The moves come amid market panic and daily signs the global economy is powering down as countries enforce new restrictions on travel and movement.

A rush by central banks and governments to slash interest rates and unleash more than $130 billion in fiscal stimulus hasn’t been enough to stop the rout.

Trading volatility spiked to levels not seen since the financial crisis in 2008 as the S&P 500 Index’s historic bull run came to an end — the gauge fell the most since 1987 before retracing some of those losses.

Signs of illiquidity also emerged across global credit markets and the $17 trillion US government-bond market, while the dollar staged its biggest jump in 12 years.

The G-20 released an emergency statement on March 7 that echoed one released by the G-7 nations, which ultimately disappointed investors.

‘FAST-MOVING EVENT’

“This has been a very fast-moving event,” Morrison said.

The G-20 accounts for about 90pc of the world economy and unites industrial and emerging economies in a way the G-7 doesn’t.

It was first organised as a forum of finance ministers and central bankers with the initial gathering taking place in Berlin in December 1999.

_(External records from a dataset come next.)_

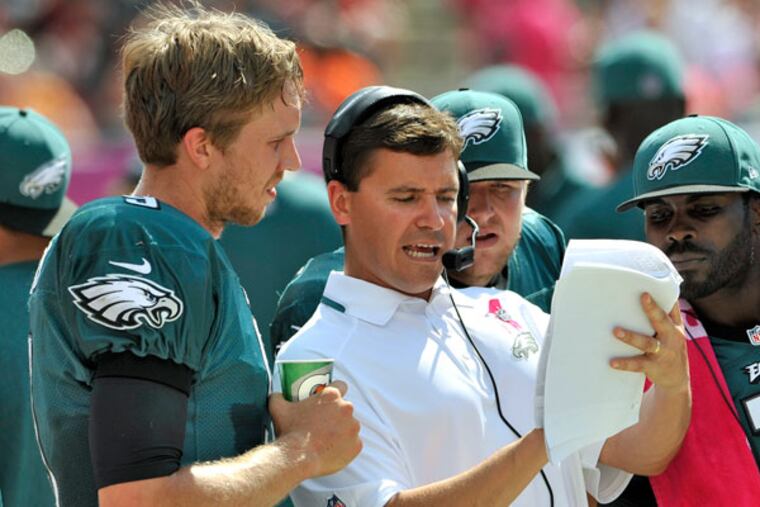 Eagles quarterbacks coach Bill Lazor, center, talks to quarterback Nick Foles, Matt Barkley and Michael Vick. (Steve Nesius/AP)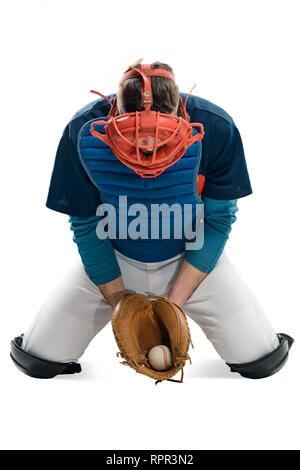 Baseballspieler fing einen Ball mit einem Leder Mitt. Mann verkleidet in einem einheitlichen und trägt ein Zahnrad, saß auf seinem Knie. Stockfoto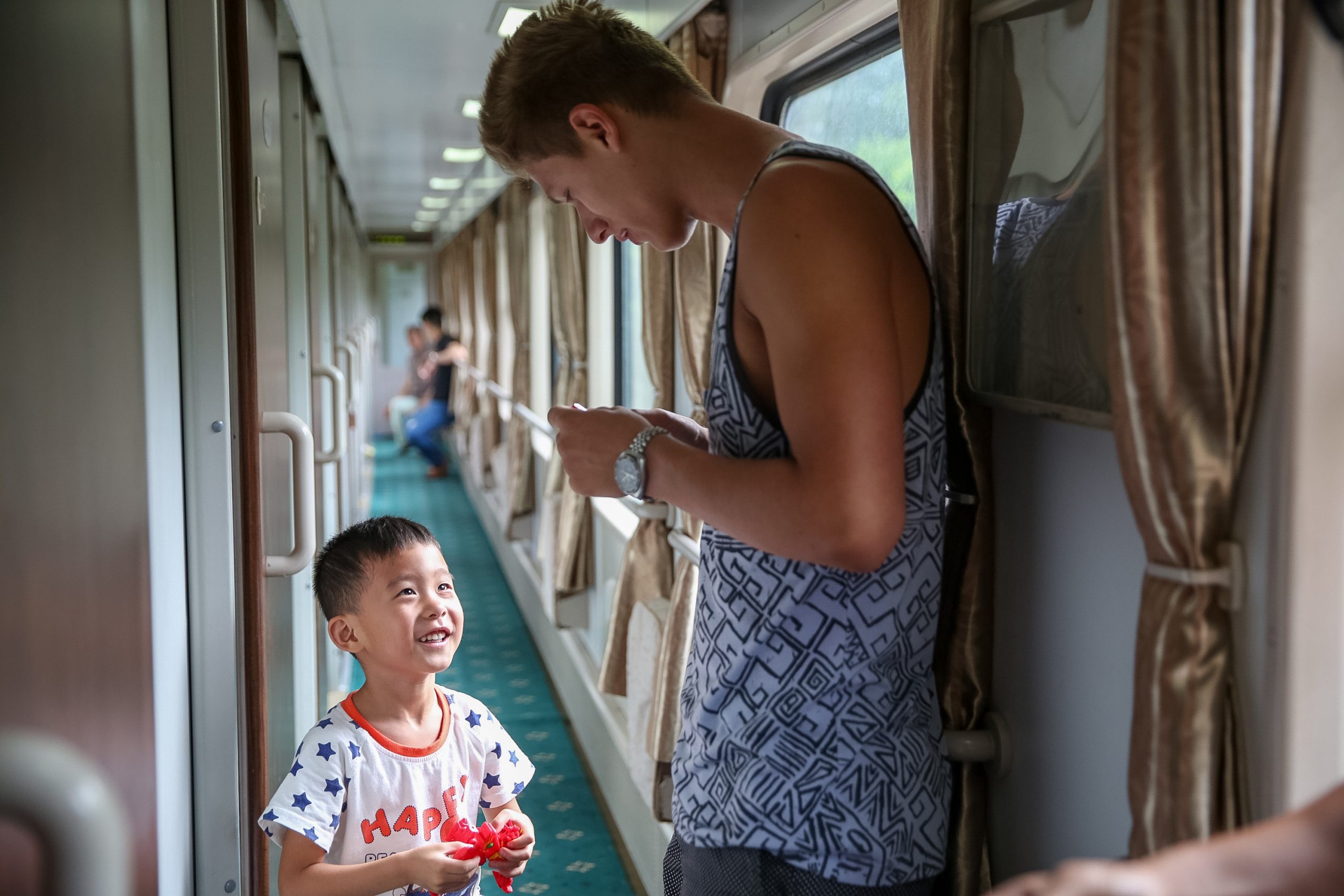 Student travelers laugh with a young boy holding a toy in a train car hallway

It took the financial crisis for leaders to get involved, with President George W. Bush hosting the first summit in November 2008 as the world economy tumbled into recession.

The following April, leaders reconvened in London, an event now seen as helping end that recession as governments showed a joint commitment to doing so.

In September 2009, leaders agreed at talks in Pittsburgh that the G-20 would replace the G-7 as the main international economic policy forum.